Preoccupazione della Cei per la mancanza di lavoro. La Commissione Episcopale per i problemi sociali e il lavoro, la giustizia e la pace, nel messaggio in occasione del 1 maggio, denuncia che la "scarsità" di lavoro "porta sempre più persone, impaurite dalla prospettiva di perderlo o di non trovarlo, a condividere l'idea che nulla sia più come è stato finora: dignità, diritti, salute finiscono così in secondo piano. Si tratta di una deriva preoccupante messa in moto dal perdurare di una crisi economica stabilmente severa, da una disoccupazione che tocca diversi segmenti anagrafici e demografici (i giovani, le donne e gli ultracinquantenni), e da un cambiamento tecnologico che da più parti viene definito in termini di 'quarta rivoluzione industriale'".
Si' a imprenditori responsabili
Per la Cei, quindi, "rispetto a questa situazione
non sfugge la pertinenza del richiamo alla
responsabilità degli imprenditori formulata
nell'Evangelii gaudium , e ripresa nel messaggio del Pontefice al Forum economico mondiale di Davos ; tuttavia, si possono prefigurare responsabilità più ampie e diffuse. A ben vedere,
infatti anche i lavoratori hanno una responsabilità
con la quale fare i conti: il lavoro, che ci
sia o meno, tracima e invade le vite delle persone, appiattisce il senso dell'esistenza, così che chi non aderisce a questa logica viene scartato, rifiutato, espulso. Ecco la responsabilità che tutti ci troviamo a condividere: l'incapacità
di fermarci e tendere la mano a chi è rimasto
indietro".
Il ruolo della scuola
Importantissima è la scuola. Per i vescovi, "la dimensione educativa del lavoro va ritrovata anche all’interno
delle istituzioni formative, facendo in modo che scuola e lavoro siano due esperienze
che si intrecciano e interagiscono: i giovani devono poter fare esperienze professionali
il prima possibile, così da non trovarsi impreparati una volta terminati gli studi".
Dunque, "l’alternanza scuola-lavoro, così come
è stata di recente riformata, rappresenta una leva fondamentale poiché permette a
un numero sempre più ampio di giovani di capire quali sono le competenze e le capacità
richieste dal mercato del lavoro. Inoltre, non bisogna dimenticare che questo genere
di esperienze possono favorire anche lo sviluppo di una propensione all’auto-impiego".
No alla fuga dei cervelli
Il Paese, in fondo, ha le potenzialità per emergere.

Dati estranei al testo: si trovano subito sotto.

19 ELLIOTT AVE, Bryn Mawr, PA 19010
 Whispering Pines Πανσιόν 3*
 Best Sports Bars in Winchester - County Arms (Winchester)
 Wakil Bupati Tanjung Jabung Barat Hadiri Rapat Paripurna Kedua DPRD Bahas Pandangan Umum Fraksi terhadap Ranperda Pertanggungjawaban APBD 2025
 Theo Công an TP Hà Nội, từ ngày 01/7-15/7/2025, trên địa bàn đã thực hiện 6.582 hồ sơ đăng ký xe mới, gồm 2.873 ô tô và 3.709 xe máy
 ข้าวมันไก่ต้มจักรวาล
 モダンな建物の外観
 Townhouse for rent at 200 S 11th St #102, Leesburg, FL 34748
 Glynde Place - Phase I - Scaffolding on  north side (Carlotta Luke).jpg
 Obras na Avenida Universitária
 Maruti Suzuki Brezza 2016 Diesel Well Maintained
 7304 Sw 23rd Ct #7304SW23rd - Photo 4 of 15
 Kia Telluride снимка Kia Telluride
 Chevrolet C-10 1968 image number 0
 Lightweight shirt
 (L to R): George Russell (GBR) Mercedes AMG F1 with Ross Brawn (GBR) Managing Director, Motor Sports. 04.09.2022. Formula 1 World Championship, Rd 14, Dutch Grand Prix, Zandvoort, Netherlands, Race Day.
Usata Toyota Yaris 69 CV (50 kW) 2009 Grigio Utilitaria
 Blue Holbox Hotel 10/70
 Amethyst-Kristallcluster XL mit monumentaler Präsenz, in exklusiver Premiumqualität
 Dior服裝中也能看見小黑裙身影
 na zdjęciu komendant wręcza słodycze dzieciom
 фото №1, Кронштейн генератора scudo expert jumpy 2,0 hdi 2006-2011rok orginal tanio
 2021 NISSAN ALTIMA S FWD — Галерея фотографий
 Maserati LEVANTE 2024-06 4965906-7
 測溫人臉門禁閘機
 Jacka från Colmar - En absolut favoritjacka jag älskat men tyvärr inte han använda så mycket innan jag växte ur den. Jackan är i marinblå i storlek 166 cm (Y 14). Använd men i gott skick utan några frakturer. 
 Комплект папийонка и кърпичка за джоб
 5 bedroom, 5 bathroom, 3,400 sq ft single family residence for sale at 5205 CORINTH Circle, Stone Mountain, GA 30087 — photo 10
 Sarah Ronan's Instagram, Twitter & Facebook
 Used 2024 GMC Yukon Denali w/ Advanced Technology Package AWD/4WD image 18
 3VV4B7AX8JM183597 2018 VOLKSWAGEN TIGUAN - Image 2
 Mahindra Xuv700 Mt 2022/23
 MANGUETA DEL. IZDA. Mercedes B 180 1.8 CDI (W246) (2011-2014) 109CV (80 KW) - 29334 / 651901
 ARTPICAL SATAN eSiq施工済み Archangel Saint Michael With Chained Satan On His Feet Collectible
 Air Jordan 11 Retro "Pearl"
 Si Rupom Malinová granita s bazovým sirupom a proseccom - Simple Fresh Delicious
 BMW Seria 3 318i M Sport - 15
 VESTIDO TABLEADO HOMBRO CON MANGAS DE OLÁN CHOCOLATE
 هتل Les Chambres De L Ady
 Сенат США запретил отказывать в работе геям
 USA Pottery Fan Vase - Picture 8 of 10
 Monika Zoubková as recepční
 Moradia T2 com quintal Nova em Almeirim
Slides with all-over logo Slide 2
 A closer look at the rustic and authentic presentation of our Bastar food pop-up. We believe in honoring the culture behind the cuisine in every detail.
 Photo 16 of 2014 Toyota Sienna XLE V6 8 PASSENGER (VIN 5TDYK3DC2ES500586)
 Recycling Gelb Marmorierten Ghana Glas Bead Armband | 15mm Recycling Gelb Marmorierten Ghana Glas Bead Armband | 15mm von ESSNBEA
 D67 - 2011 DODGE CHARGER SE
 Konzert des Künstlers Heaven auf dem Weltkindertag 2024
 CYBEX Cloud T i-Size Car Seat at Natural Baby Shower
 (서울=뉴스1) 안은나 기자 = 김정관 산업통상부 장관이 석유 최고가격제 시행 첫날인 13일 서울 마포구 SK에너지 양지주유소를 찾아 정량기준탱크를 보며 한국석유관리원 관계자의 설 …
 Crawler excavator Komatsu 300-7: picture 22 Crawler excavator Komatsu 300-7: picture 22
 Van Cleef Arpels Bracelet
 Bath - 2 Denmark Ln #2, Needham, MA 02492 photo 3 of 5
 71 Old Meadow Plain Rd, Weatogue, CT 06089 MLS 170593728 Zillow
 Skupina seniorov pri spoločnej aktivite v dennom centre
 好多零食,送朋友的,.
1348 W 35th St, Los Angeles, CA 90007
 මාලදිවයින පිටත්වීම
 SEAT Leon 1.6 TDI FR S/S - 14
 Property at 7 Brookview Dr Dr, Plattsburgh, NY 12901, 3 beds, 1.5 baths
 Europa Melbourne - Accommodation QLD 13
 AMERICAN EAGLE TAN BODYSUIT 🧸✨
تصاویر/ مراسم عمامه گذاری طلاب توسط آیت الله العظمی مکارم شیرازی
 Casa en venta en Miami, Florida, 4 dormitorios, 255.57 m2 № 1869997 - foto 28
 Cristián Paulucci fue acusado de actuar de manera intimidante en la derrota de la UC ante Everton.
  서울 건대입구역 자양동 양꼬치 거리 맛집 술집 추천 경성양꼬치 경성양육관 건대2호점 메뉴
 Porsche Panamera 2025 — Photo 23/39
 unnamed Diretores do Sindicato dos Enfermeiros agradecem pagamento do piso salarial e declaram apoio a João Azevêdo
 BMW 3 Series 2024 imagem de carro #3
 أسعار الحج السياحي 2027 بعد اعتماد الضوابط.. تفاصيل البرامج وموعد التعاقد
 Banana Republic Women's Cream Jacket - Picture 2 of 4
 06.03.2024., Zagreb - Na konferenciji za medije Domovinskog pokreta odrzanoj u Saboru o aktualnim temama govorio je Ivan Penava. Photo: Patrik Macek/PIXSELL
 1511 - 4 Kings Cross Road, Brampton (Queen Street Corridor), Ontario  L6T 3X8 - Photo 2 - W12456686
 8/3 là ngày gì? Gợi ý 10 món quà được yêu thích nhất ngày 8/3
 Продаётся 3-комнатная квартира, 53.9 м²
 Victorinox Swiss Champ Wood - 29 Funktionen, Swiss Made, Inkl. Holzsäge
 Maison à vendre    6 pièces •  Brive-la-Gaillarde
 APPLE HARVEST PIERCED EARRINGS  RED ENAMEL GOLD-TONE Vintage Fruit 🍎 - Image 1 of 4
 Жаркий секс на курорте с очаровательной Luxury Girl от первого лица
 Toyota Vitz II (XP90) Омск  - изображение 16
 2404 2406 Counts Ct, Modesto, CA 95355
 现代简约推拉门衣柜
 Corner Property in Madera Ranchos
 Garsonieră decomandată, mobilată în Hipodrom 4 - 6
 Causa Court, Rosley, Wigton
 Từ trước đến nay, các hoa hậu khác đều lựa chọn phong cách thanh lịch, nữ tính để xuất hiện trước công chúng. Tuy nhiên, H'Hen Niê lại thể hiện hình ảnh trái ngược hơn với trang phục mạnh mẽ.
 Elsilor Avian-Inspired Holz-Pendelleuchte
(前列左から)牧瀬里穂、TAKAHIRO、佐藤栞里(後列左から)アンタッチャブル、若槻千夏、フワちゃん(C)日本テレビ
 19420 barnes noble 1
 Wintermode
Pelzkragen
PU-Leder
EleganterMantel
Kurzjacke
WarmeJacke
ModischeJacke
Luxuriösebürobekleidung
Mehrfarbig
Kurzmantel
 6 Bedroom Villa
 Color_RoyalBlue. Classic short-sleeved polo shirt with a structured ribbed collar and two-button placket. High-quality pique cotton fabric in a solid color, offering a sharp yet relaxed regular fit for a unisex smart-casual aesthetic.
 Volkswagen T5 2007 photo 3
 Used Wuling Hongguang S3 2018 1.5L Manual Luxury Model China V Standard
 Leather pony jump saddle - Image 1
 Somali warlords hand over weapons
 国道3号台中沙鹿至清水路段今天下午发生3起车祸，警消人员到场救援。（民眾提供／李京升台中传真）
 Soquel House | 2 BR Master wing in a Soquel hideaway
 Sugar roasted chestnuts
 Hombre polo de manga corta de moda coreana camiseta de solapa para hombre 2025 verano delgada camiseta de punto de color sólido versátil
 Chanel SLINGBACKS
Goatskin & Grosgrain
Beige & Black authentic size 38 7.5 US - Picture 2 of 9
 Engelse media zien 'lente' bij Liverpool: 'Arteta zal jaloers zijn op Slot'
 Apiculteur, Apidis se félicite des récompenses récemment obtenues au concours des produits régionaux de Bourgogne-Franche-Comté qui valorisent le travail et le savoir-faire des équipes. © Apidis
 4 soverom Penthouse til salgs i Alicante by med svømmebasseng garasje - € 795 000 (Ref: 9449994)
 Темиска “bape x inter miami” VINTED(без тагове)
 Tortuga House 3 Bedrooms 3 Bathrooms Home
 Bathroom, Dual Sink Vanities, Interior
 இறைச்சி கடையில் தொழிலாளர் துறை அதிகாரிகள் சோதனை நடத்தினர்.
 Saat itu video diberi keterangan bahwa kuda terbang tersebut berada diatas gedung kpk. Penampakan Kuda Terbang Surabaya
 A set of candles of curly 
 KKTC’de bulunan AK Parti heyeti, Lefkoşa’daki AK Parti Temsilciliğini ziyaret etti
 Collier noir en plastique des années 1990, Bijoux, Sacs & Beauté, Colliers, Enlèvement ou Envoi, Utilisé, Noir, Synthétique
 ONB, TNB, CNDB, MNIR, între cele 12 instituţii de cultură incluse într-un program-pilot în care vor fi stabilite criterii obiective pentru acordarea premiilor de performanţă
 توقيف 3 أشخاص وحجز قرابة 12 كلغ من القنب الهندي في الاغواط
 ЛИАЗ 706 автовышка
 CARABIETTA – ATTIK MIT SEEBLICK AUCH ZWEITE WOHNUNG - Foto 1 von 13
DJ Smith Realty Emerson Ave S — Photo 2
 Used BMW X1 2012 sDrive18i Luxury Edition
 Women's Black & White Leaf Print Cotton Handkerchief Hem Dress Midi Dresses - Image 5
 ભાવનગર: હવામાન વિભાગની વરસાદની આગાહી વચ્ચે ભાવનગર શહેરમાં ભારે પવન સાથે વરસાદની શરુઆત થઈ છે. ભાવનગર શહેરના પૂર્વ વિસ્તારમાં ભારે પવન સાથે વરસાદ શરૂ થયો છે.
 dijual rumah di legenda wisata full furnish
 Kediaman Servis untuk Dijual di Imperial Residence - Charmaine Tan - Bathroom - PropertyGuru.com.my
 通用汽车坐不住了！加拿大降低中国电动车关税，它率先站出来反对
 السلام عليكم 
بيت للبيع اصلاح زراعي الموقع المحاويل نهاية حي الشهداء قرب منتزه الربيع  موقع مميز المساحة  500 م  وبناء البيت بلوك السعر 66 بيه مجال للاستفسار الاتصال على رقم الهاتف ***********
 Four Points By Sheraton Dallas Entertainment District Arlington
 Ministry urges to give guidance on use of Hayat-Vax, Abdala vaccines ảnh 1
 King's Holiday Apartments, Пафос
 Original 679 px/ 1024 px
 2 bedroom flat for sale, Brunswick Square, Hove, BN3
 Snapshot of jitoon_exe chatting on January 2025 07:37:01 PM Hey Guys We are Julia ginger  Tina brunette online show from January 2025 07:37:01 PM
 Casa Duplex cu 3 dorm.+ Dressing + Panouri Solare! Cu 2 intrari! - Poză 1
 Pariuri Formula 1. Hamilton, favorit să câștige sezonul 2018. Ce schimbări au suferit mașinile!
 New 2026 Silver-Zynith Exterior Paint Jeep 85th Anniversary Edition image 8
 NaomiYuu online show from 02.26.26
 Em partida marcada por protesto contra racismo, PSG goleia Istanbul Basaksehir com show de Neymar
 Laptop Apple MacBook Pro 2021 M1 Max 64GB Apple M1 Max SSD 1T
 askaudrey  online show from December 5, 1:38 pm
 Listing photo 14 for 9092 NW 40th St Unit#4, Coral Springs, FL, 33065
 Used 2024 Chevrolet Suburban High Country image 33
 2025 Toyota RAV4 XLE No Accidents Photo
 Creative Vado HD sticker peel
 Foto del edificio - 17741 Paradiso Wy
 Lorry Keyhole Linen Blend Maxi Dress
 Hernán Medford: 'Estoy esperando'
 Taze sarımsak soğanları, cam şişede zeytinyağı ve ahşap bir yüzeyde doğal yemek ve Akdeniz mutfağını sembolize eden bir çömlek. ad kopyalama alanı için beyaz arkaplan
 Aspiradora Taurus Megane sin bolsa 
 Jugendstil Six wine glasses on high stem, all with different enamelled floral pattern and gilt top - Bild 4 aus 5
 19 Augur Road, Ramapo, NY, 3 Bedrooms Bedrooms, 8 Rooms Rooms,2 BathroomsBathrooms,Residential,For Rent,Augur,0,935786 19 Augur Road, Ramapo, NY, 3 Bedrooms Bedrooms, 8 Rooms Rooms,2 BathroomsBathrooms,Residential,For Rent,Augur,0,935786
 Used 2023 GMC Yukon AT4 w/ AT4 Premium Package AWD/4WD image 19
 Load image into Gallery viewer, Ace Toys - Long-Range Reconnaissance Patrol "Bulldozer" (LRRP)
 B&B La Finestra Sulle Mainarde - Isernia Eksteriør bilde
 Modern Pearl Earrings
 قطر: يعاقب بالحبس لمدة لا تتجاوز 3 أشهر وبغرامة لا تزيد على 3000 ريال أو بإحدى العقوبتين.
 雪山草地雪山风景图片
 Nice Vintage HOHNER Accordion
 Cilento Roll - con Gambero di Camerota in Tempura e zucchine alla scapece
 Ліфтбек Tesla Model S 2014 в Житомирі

Nel documento si dice che "l’Italia non può
continuare a sprecare l’intelligenza, il talento e la creatività dei suoi giovani,
che emigrano nella speranza di essere accolti altrove. Occorre creare per loro spazi
di sperimentazione, dove lasciare libera espressione alla creatività e all’intraprendenza:
ci sono tanti piccoli, ma significativi segnali che mostrano quanto la collaborazione,
la partecipazione e la solidarietà possano essere gli ingredienti di base per ricette
imprenditoriali nuove, esperienze che rompono con la «globalizzazione del paradigma
tecnocratico»[1], senza per questo essere improduttive o economicamente fallimentari".